▶ **To do**
Please transcribe the data that follows without the pictures, keeping every word the same.

▶ **Data segment**

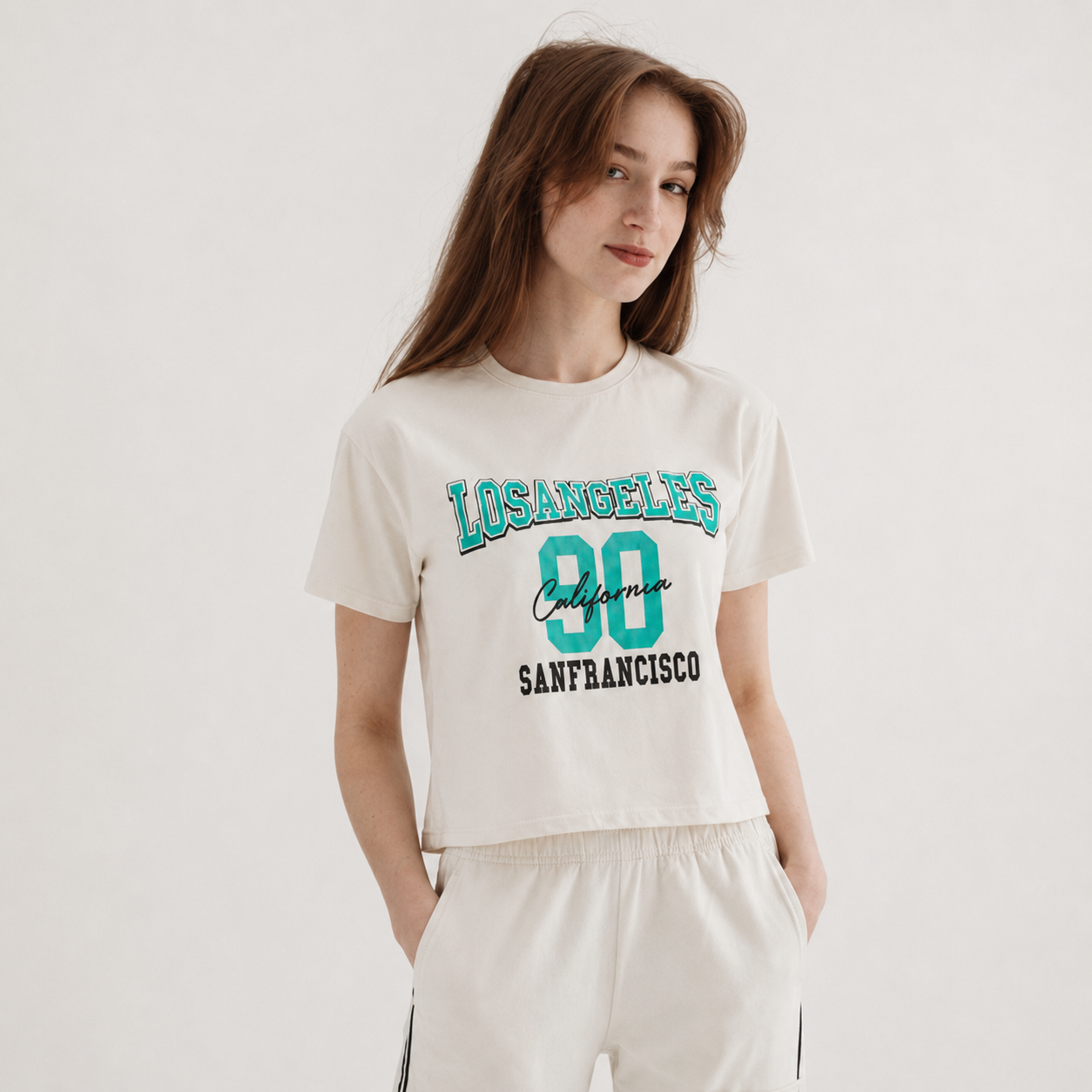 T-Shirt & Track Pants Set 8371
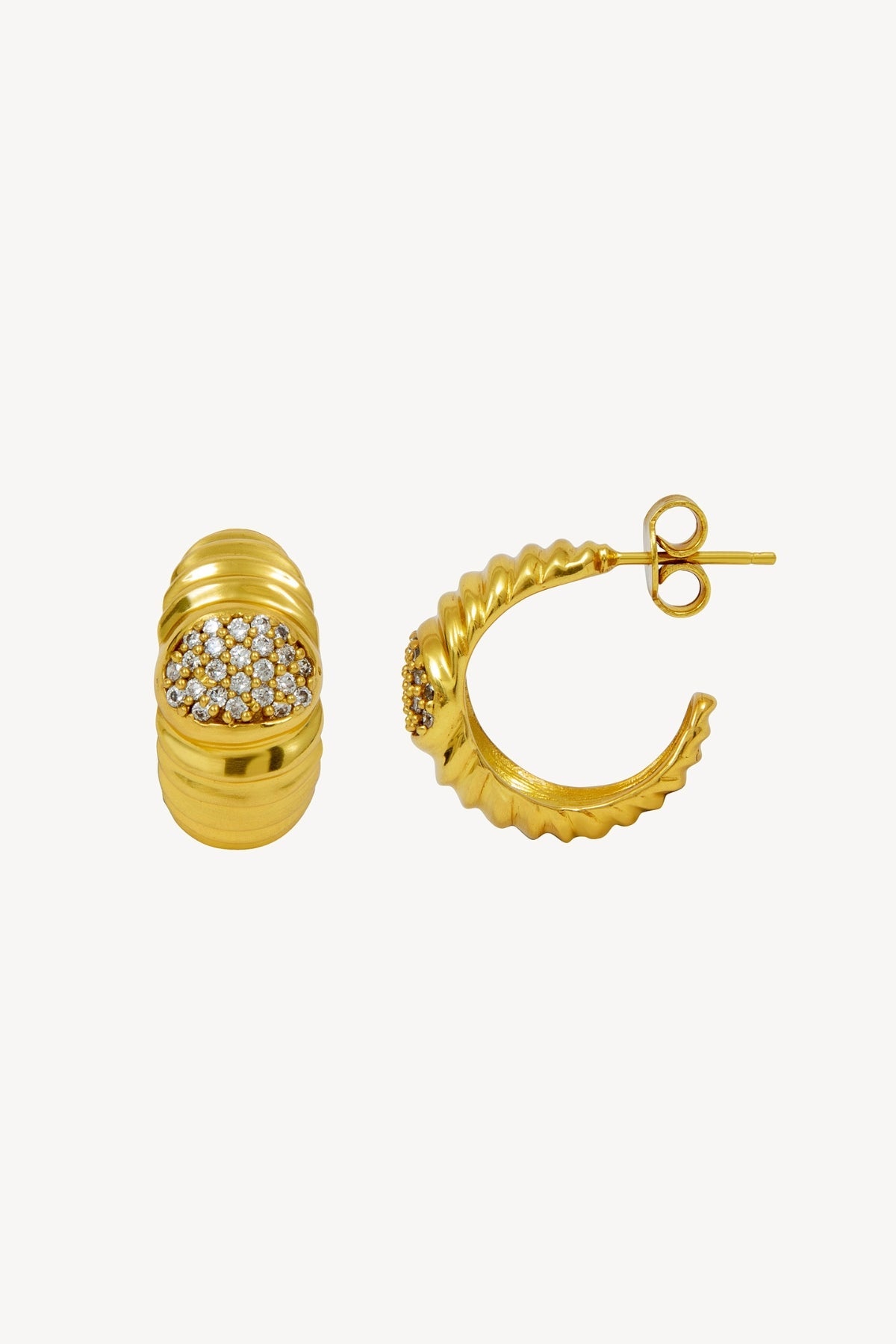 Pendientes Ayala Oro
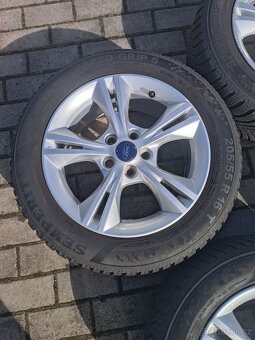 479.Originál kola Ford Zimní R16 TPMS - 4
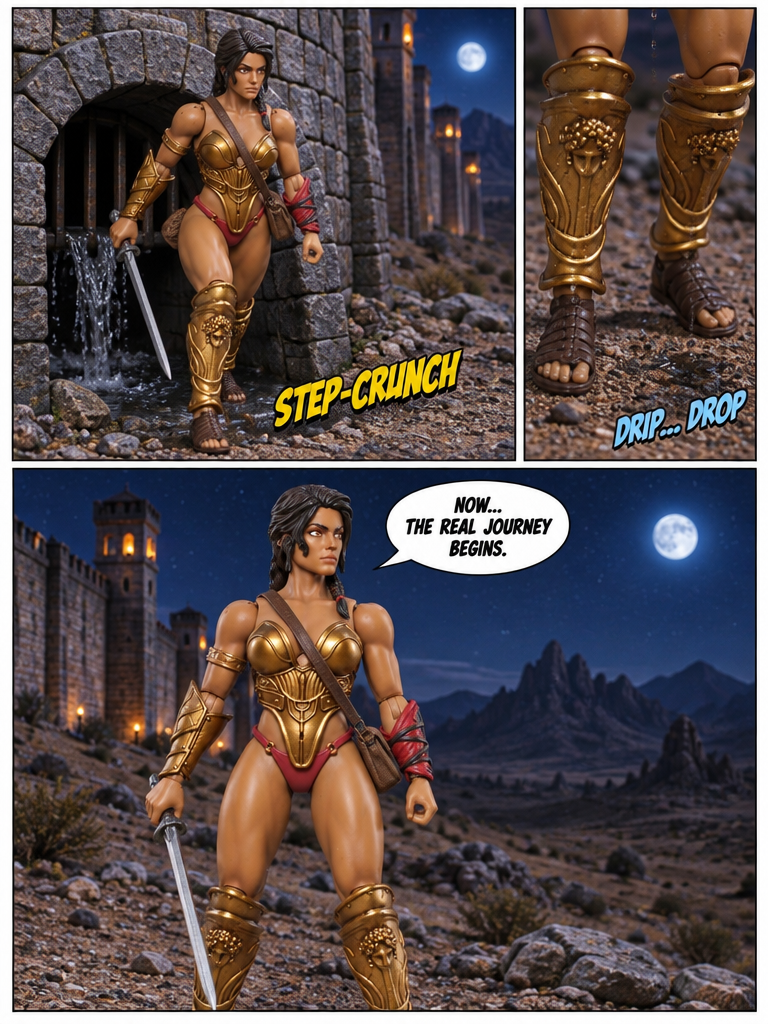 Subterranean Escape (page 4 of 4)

▶ **Problem solution**
 T-Shirt & Track Pants Set 8371
 Pendientes Ayala Oro
 479.Originál kola Ford Zimní R16 TPMS - 4
 Subterranean Escape (page 4 of 4)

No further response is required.